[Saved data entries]

☆ ☆ ☆ ☆

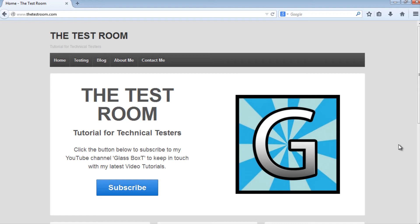Hi and welcome back to Glass Box, writing automated Java tests using WebDriver. Today we're going to look at writing a test for a headless browser. We're going to start by understanding what a headless browser is and why you would want to write a test for a headless browser, and then go ahead and write a test.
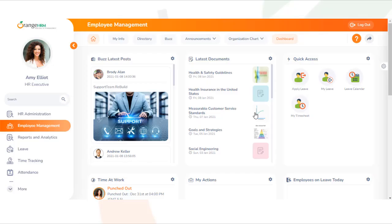Hi everyone. In today's video, we will demonstrate how you can view your profile information in Orange HRM.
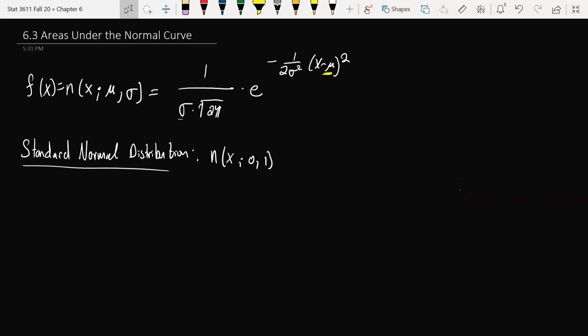So now we're going to try to start taking a look at calculating some probabilities of random variables that follow a normal distribution. I've got the normal distribution copied over from our previous section in the notes: 1 over sigma square root of 2 pi, e to the negative 1 over 2 sigma squared, x minus mu squared. What the standard normal distribution is, is the distribution where you have a mean value of 0 and a standard deviation and a variance of 1.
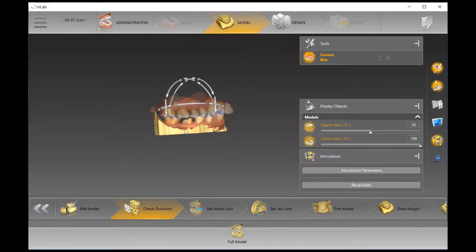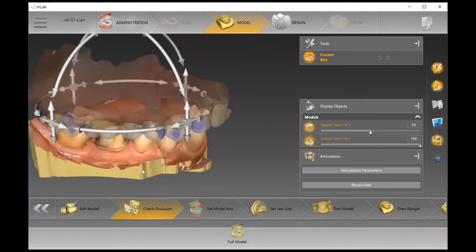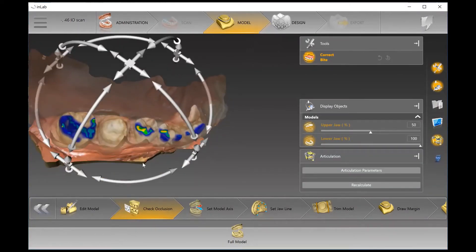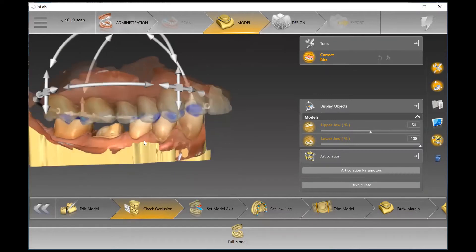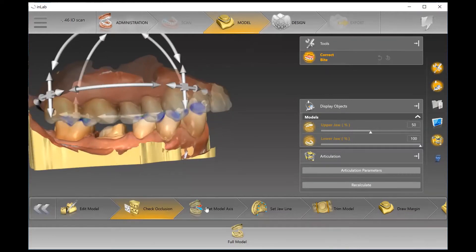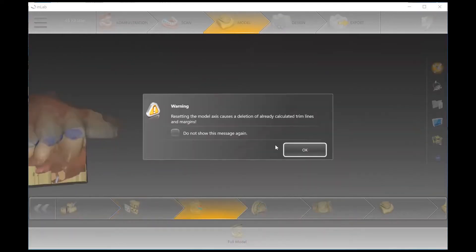In the Check Occlusion step, we're looking at the buccal bite scan to see the contacts — basically how the patient was articulating when they took the bite scan at the dental office.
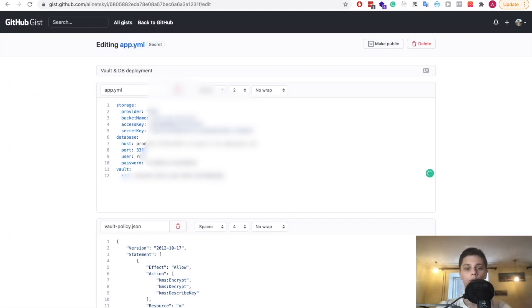We have all of the configuration saved right here. This will be utilized when we will be deploying the applications. So save it for now and we'll use it in the later video.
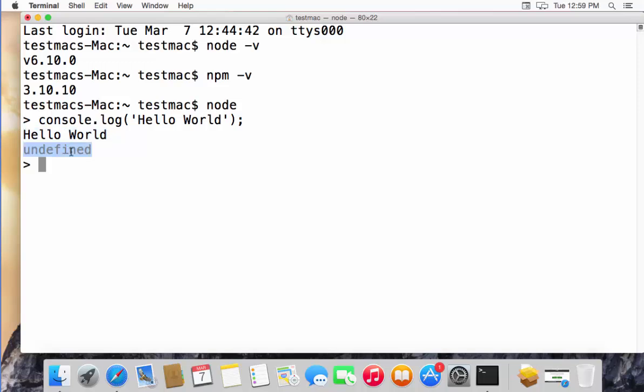This shows that Node.js is installed on your system and it's working fine. So in this way, you can download and install Node.js on your Mac. I hope you enjoyed this video. Please write, comment, subscribe, and bye for now.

☆ ☆ ☆ ☆

Your instructions: Exactly as written, please copy out the whole set of records, skipping images.

Task response:
Hi and welcome back to Glass Box, writing automated Java tests using WebDriver. Today we're going to look at writing a test for a headless browser. We're going to start by understanding what a headless browser is and why you would want to write a test for a headless browser, and then go ahead and write a test.
Hi everyone. In today's video, we will demonstrate how you can view your profile information in Orange HRM.
So now we're going to try to start taking a look at calculating some probabilities of random variables that follow a normal distribution. I've got the normal distribution copied over from our previous section in the notes: 1 over sigma square root of 2 pi, e to the negative 1 over 2 sigma squared, x minus mu squared. What the standard normal distribution is, is the distribution where you have a mean value of 0 and a standard deviation and a variance of 1.
In the Check Occlusion step, we're looking at the buccal bite scan to see the contacts — basically how the patient was articulating when they took the bite scan at the dental office.
We have all of the configuration saved right here. This will be utilized when we will be deploying the applications. So save it for now and we'll use it in the later video.
This shows that Node.js is installed on your system and it's working fine. So in this way, you can download and install Node.js on your Mac. I hope you enjoyed this video. Please write, comment, subscribe, and bye for now.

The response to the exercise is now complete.